Many of the imported Chinese wares had been decorated before glazing and firing with a cobalt oxide that turned a rich blue in the kiln. These blue-and-white wares were especially influential among the English factories striving to compete. Many of the first blue-and-white English ceramics copied the forms and decorative motifs of their Chinese prototypes.
Tureen by Limehouse porcelain factoryThe Mint Museum
English potters eventually adapted the Chinese blue-and-white aesthetic to their own ceramic shapes and decorative patterns. Limehouse, one of the earliest English porcelain factories, was possibly the first English factory to specialize in under-glaze blue decoration, and its wares were primarily for the dinner or tea table. This tureen is a rare form for the Limehouse factory; the pastoral landscapes painted on its sides are rendered in exceptionally fine detail.
Plate from Husk Service by WedgwoodThe Mint Museum
Dining has always been an important form of socializing, but in the 1700s it was especially important for the courts, the aristocracy, and the growing professional and merchant classes. As members of polite society became more interested in how to outwardly display gracious living, hosting a splendid dinner was an excellent way to demonstrate one’s good taste and etiquette. Wealthy clients commissioned large dinner services in porcelain or silver, while middle-class consumers outfitted their tables with stoneware, earthenware, or pewter. Once Josiah Wedgwood in the early 1760s refined the cream-colored earthenware body, even the elite couldn’t resist ordering services in this material. This plate is part of the Husk Service, a dinner and dessert service commissioned by Catherine the Great of Russia (reigned 1762–1796) in 1770.
Punch BowlThe Mint Museum
Punch became a popular drink among Britain’s middle and upper classes in the 18th century. A popular recipe included brandy, claret (a type of red wine), grated nutmeg, sugar, and lemon juice. It was served in a bowl with toasted bread floating on top. A variation substituted the claret with milk.
This finely painted punchbowl was made for an affluent English patron. Its scene comes from The Pointers and Hare, a print first published in 1754 by Thomas Burford (English, circa 1710–1774) after a painting by James Seymour (English, 1702–1752). The bowl itself was made in Jingdezhen in south-central China, and it was decorated in an enameling workshop in the port city of Canton (modern-day Guangzhou) that handled special orders for the foreign market.
Vase by WedgwoodThe Mint Museum
Classical art—the art of ancient Greece and Rome—strongly influenced British art and architecture from the mid-1760s through the early 1800s.

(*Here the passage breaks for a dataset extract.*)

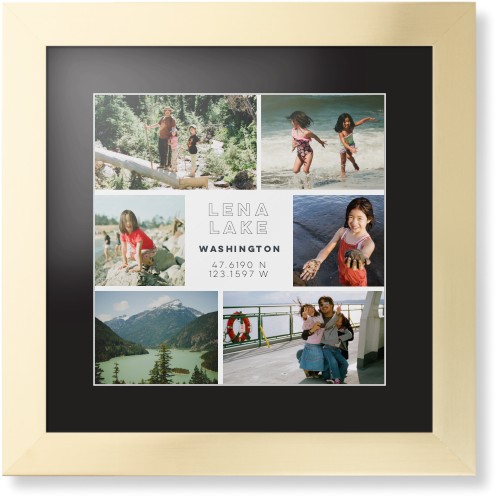 Modern Adventure Gallery Of Six Framed Print, Matte Gold, Contemporary, White, Black, Single piece, 12x12, Multicolor, multi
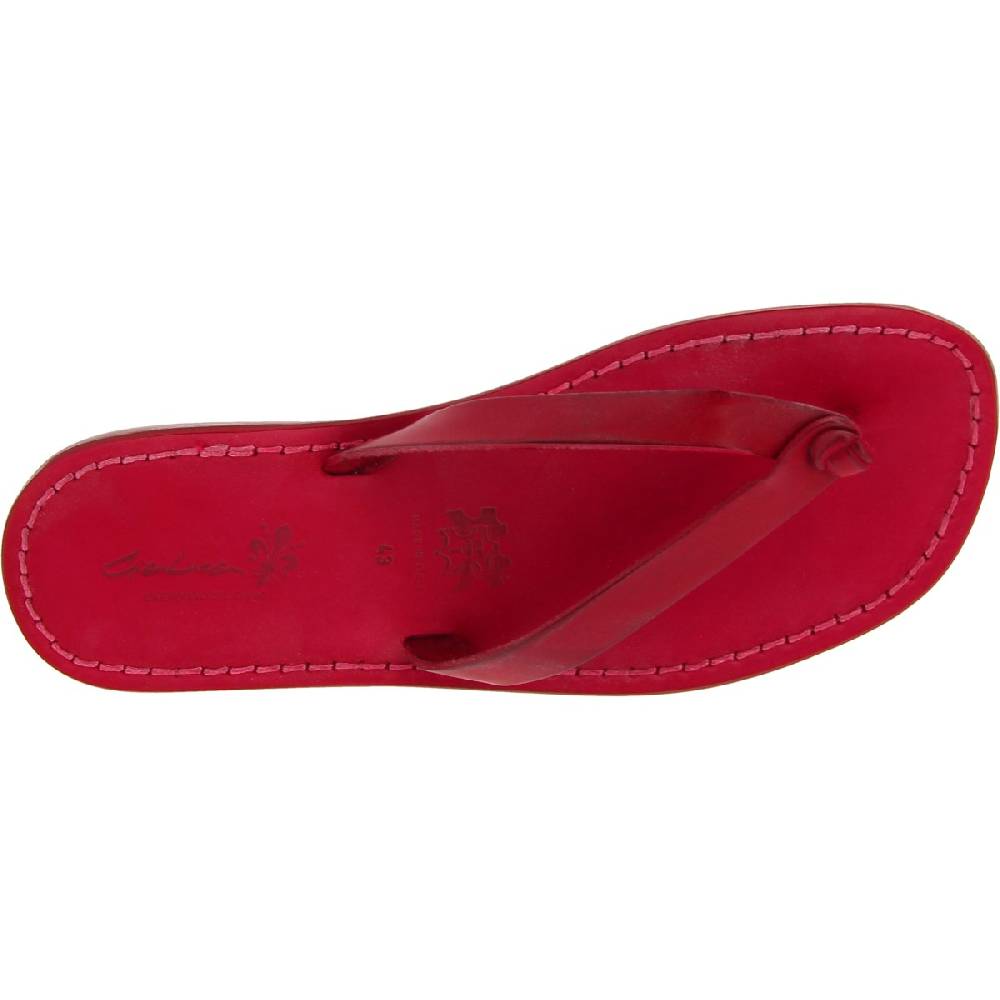 Lartigiano Del Cuoio Ciabatte a infradito uomo in pelle rosso artigianali Super sconto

Some designers tried to create precise imitations of classical prototypes. They were helped considerably by catalogues of prestigious antiquities collections, most notably that of Sir William Hamilton (1730-1803), who amassed a large collection of classical vases while serving as British envoy to Naples. Josiah Wedgwood was especially influenced by the catalogue of Hamilton’s collection. The shape of this Wedgwood vase is based on a drawing of an ancient Greek lekythos, a vessel used to hold oil or perfume, particularly in religious ceremonies.

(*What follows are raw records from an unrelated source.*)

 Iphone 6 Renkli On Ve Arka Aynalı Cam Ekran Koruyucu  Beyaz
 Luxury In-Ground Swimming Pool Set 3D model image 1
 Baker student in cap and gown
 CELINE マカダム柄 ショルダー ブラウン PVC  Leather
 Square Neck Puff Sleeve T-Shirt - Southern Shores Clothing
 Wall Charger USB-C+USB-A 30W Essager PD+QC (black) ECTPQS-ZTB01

Grief ("Dear Eliza") (1779) by Richard Champion's FactoryThe Mint Museum
This sculpture of a classically garbed woman leaning against a funerary urn was inspired by the painting Andromache and Hecuba Weeping over the Ashes of Hector by Angelika Kauffman (1741–1807). Kauffman’s painting depicts the grieving wife and mother of Hector, the Trojan warrior slain by the Greek hero Achilles in Homer’s The Iliad.

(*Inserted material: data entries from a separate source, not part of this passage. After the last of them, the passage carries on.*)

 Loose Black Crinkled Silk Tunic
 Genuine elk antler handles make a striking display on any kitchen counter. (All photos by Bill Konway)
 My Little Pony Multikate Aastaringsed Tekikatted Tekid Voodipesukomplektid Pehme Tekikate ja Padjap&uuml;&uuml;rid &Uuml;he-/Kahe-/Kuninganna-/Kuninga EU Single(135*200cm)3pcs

While Richard Champion’s sculpture refers to a tragic episode in classical mythology, it tells another mournful tale that is far more personal to him. The sculpture’s lengthy gilt inscription indicates that it was a memorial to Champion’s eldest daughter, Eliza, who died at 14. The text on the main section of the urn’s pedestal begins with: “We loved you, my dear Eliza, whilst you were with us. We lament you now you are departed.”